- Required work:
Write every line below out again, exactly as given, but leave out the pictures.

- Dataset content:
-*-*-

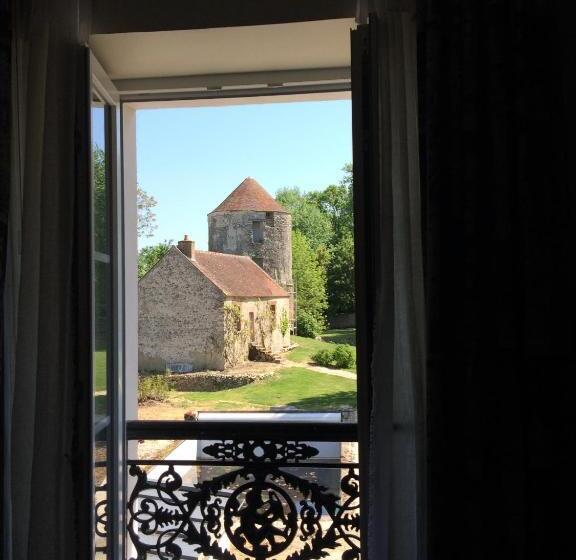 Bed and Breakfast Demeure Des Pothières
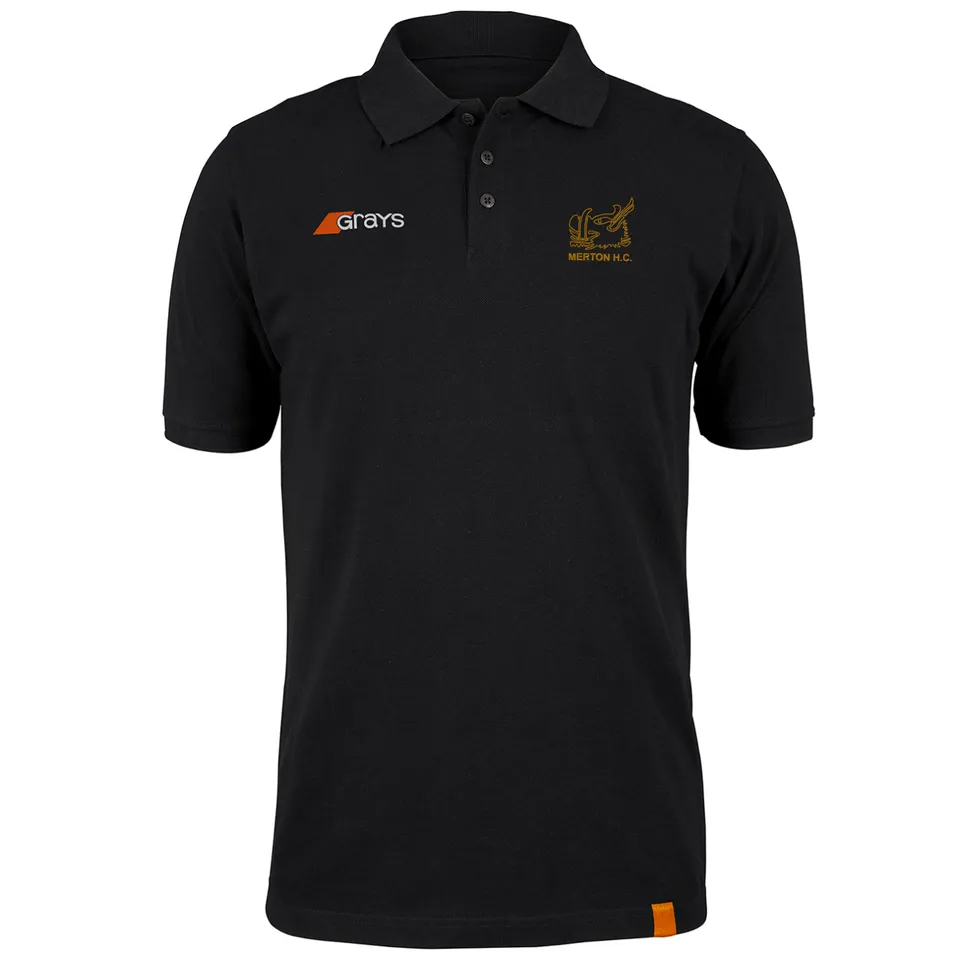 grays-merton-hc-tangent-polo-uomo-nero-senior image 1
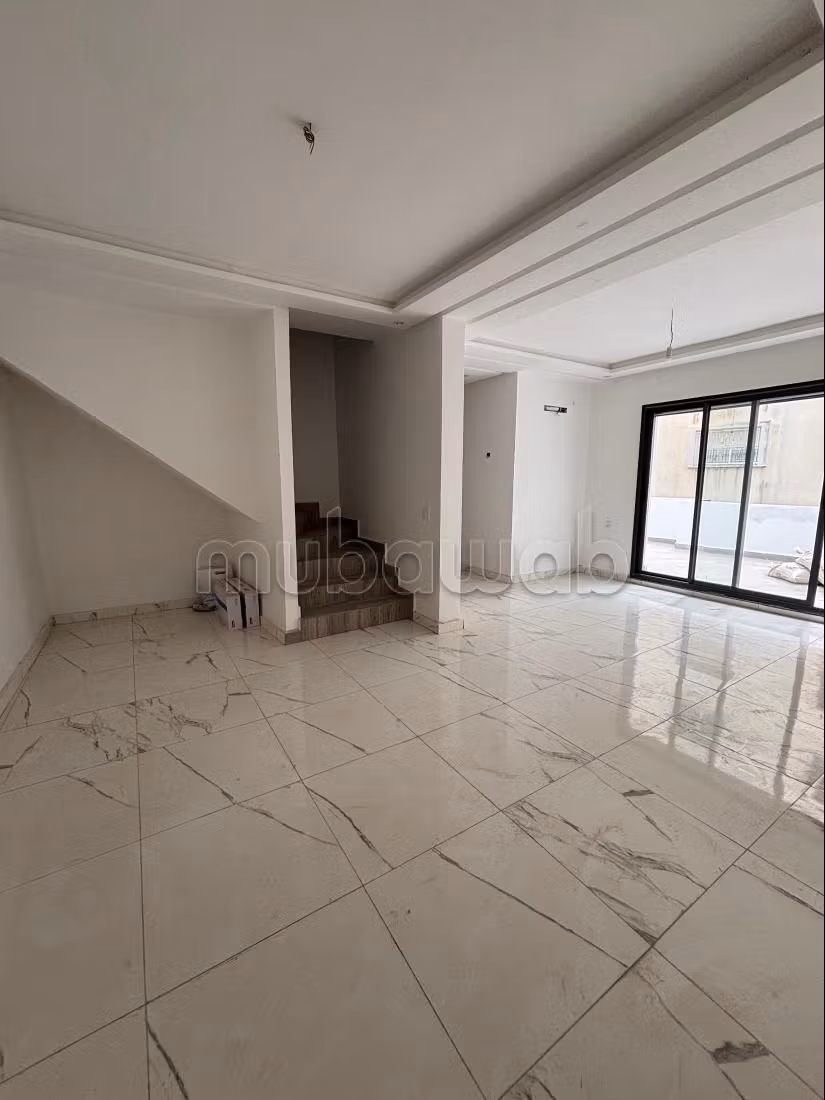 Duplex à vendre quartier Boulevard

-*-*-

- Exercise output:
 Bed and Breakfast Demeure Des Pothières
 grays-merton-hc-tangent-polo-uomo-nero-senior image 1
 Duplex à vendre quartier Boulevard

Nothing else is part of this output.